Toronto Blue Jays outfielder Jose Bautista has recently been the topic of discussion for many of baseball’s greats. Despite the slugger’s successful 2015 season, during which he hit 40 home runs and 114 RBIs, Hall of Fame pitcher Goose Gossage declared him “a f—ing disgrace to the game.” Iconic third baseman Mike Schmidt questioned why “so many players feel the need to embellish their success.”
All these remarks, of course, as well as countless others, refer to Bautista’s blockbuster bat flip that came against the Texas Rangers in Game 5 of last year’s American League Division Series. Obviously enough, Gossage and Schmidt will always believe the game was better when they played it. Meanwhile, today’s stars will clearly disagree, telling the older generation to get with the times.
It isn’t just baseball’s classicists that oppose bat flipping. Texas relief pitcher Sam Dyson — who allowed Bautista’s bomb in that fateful game — said that Bautista needed “to calm that down” and “respect the game a little more.” However, it seems extremely unlikely that a veteran player such as Jose Bautista, who has played for five different teams in his career, would disrespect the game.
When you consider that game and all the circumstances surrounding that fateful play, it’s no wonder the Blue Jays star reacted the way he did. Let’s recreate the scene that might go down in history as the most controversial home run celebrations of all time.

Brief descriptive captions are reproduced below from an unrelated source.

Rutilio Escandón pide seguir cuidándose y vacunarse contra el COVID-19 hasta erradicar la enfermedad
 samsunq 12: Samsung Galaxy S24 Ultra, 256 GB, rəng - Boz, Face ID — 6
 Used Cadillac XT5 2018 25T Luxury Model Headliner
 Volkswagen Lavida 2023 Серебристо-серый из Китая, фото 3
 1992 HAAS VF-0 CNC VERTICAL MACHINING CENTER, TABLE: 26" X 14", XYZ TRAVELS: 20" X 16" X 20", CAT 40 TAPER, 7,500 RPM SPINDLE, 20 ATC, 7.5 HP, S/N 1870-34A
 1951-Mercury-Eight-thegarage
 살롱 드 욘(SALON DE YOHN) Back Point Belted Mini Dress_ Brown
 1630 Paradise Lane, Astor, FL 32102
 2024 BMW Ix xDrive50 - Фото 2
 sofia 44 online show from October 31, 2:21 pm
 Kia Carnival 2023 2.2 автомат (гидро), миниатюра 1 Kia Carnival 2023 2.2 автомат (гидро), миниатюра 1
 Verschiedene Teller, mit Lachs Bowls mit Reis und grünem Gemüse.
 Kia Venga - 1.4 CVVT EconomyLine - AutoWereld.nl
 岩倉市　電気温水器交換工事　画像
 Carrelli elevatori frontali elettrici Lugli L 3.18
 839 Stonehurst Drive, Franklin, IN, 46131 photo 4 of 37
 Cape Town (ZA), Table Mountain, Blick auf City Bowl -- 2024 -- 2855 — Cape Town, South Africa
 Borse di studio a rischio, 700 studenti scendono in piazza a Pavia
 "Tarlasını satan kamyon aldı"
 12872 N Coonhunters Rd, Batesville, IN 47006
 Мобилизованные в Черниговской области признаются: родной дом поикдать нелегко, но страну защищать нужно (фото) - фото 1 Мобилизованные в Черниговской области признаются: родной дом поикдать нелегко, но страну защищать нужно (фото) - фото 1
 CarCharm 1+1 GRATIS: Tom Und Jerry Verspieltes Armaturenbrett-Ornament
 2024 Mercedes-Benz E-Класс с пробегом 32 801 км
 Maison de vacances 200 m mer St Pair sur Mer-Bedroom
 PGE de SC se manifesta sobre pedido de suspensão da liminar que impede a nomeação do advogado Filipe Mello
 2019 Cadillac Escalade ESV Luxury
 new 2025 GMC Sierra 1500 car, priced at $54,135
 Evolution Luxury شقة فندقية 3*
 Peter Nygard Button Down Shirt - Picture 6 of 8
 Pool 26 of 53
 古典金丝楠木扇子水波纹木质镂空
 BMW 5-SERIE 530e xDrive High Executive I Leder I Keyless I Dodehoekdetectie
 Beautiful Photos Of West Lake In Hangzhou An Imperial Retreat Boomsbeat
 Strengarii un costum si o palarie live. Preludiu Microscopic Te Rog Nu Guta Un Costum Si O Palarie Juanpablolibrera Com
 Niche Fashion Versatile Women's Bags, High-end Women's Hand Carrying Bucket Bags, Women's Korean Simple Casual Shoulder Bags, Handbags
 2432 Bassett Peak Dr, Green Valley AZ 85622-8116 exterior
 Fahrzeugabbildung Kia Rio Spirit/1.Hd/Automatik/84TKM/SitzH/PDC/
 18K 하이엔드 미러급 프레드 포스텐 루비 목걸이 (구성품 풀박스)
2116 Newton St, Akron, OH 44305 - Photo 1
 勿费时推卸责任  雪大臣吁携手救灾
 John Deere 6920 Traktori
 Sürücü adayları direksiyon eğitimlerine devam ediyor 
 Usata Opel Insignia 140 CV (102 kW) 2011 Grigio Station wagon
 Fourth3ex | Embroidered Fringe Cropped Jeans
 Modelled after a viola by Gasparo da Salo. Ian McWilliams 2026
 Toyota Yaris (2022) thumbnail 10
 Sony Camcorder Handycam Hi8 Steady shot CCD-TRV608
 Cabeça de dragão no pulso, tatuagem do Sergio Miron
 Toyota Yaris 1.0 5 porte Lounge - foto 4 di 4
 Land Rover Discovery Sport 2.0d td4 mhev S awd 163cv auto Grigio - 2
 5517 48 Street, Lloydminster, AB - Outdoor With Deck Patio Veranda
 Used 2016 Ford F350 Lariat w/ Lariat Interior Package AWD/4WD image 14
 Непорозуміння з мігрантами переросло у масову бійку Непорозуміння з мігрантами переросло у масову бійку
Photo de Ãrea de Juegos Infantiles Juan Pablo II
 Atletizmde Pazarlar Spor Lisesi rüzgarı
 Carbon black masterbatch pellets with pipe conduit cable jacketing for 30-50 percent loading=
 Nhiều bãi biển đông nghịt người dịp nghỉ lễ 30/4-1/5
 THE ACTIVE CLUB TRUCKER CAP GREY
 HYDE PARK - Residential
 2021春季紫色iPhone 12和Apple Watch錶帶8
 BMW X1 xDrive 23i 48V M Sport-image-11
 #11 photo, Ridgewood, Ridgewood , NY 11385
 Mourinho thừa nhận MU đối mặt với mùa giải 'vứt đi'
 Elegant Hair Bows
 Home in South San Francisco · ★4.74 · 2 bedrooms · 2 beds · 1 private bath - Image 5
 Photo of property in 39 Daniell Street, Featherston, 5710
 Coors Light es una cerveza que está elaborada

It’s the bottom of the seventh inning in an elimination playoff game. The score is tied at three runs apiece, and your club has runners on the corners with a late-game lead ripe for the taking. You stand at the plate, ready to be the hero. In this unparalleled high-pressure scenario, you send a ball into orbit. The Toronto crowd and bench simultaneously erupted.
It was at that moment that “Joey Bats” became “Joey Bat Flips.” And honestly, I would’ve been disappointed if he didn’t celebrate. That home run was one of the defining moments of last year’s postseason.
While I’m not a fan of excessive showboating, I am a fan of passion. In an essay he wrote to The Players’ Tribune following his bat flip, Bautista explained that he has no disrespect for the unwritten rules of the game. Rather, he wrote he “was caught up in the emotion of the moment.” When I watch that play, I see a passionate player celebrating the biggest hit of his career, and one of the more important home runs in his franchise’s history — not an insolent player disrespecting the unwritten rules of America’s past-time.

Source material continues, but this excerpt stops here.